A complete guide to Exchange traded funds

Exchange traded funds are a popular investment tool among mutual fund investors. They can be bought and sold at the current market price during live trading hours. Investors can trade with ETF units just like they trade with stocks of companies. ETFs are listed on the market indices just like any other company stock. Investors get the best of both mutual fund and direct stock investing through exchange traded funds. Since these are passive funds, they have a relatively low expense ratio than active mutual funds. 

What is an exchange traded fund?

An Exchange Traded Fund (ETF) is an open ended scheme whose units can be traded throughout the day during market hours, which means investors can buy and sell these fund units at their current NAV (net asset value). The investment objective of an exchange traded fund is to generate capital appreciation by mimicking the performance of its underlying index or benchmark with minimal tracking error. 

How do ETFs work?

As mentioned earlier, ETFs offer the best of both mutual funds and stocks. They are bought and sold in the form of shares on all the exchanges where they are listed. Investors can enter or exit ETF funds by buying / selling their units at the fund’s live trading price throughout the day. Just like mutual funds, the NAV / market price of an ETF may fluctuate in value depending on the performance of its underlying assets and the basket of securities in which it invests. If the underlying assets of an ETF perform, its market price increases and vice versa.

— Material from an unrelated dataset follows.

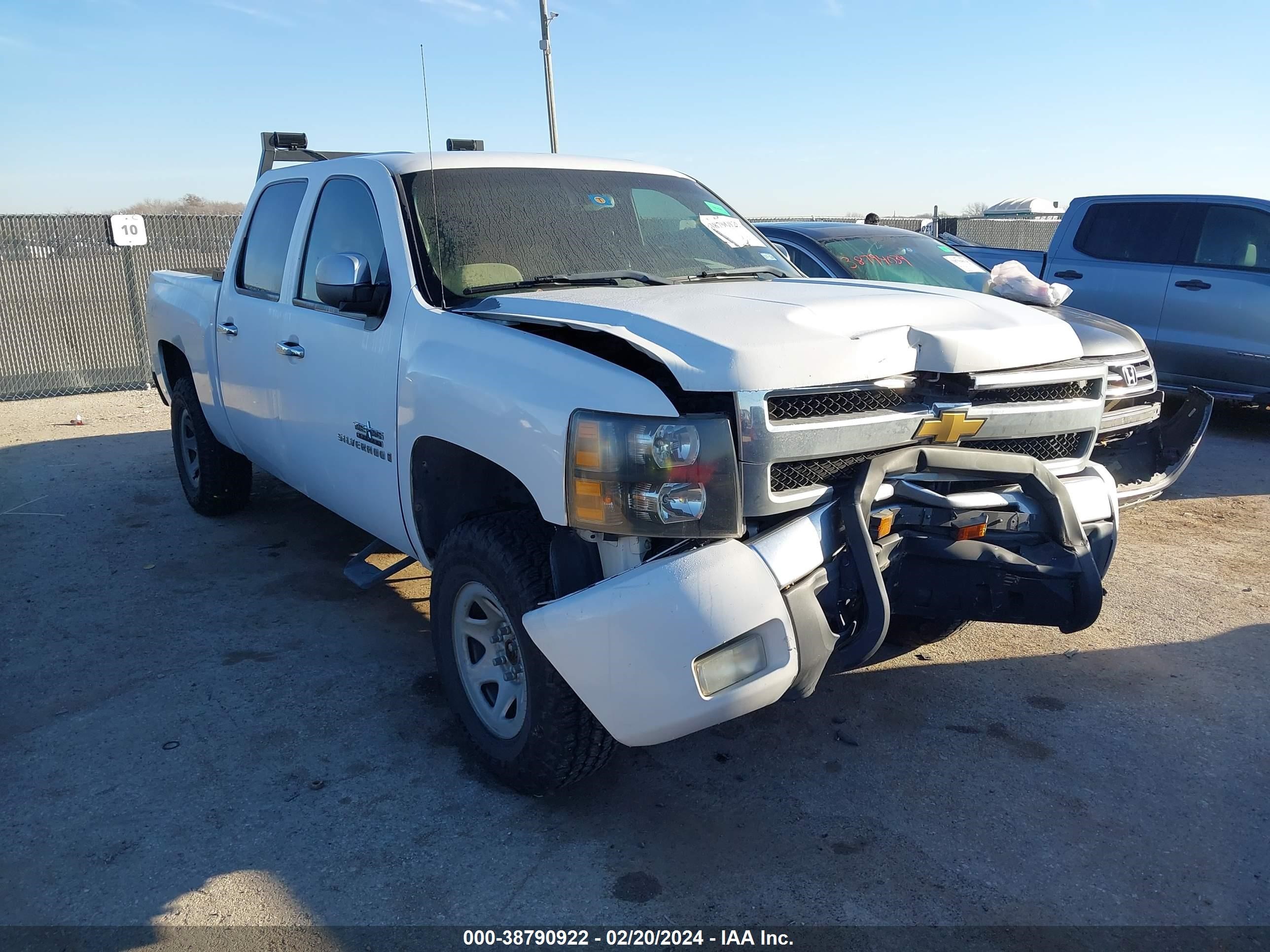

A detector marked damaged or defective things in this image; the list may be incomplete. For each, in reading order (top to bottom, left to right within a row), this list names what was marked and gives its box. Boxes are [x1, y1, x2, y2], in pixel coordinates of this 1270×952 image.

crumpled hood [463, 278, 1081, 392]
cracked headlight housing [568, 414, 745, 540]
damaged front bumper [1089, 386, 1215, 509]
damaged front bumper [521, 451, 1120, 749]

ETFs are both active and passively managed. The portfolio manager of an active ETF carefully assesses its underlying securities and trades with them daily to help the scheme achieve its investment objective. On the other hand, passive ETF track the market trend of its underlying securities to generate capital appreciation. 

Benefits of investing in ETFs

When you buy shares of a single company, the performance of these shares will only depend on how the company performs in its coming quarters. When you invest in an ETF, you can invest in multiple company stocks thus avoiding any kind of concentration risk. For example, if you invest in an ETF that invests in the top 50 NIFTY companies, you will be able to invest different equities in small quantities rather than investing in just only single company stock.

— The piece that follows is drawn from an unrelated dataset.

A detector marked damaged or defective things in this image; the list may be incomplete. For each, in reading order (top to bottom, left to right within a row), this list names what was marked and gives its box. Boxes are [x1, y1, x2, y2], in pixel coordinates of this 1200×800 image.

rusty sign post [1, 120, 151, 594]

Mutual funds have high management costs which are recovered through the expense ratio. A high expense ratio can take a significant chunk out of your overall capital gains. On the other hand, ETFs have a relatively low expense ratio which makes them a cost effective investment. ETFs are traded at the stock market and hence carry a relatively low expense ratio as compared to other mutual fund schemes. Investors can only buy or sell their mutual fund units based on their NAV which is declared at the end of the day. However, units of ETFs can be traded throughout the day, making them more liquid than mutual fund units. 

Volatility factor

ETFs may have several benefits over direct stock market investments and even mutual funds, but investors should bear in mind that these are market linked schemes too. The investment risk in ETFs is very high and hence, investors should first determine their risk appetite before investing. Just like any other mutual fund scheme, exchange traded funds do not guarantee returns.

Investors are expected to keep a well diversified investment portfolio and not only invest in any one scheme or asset class for income generation.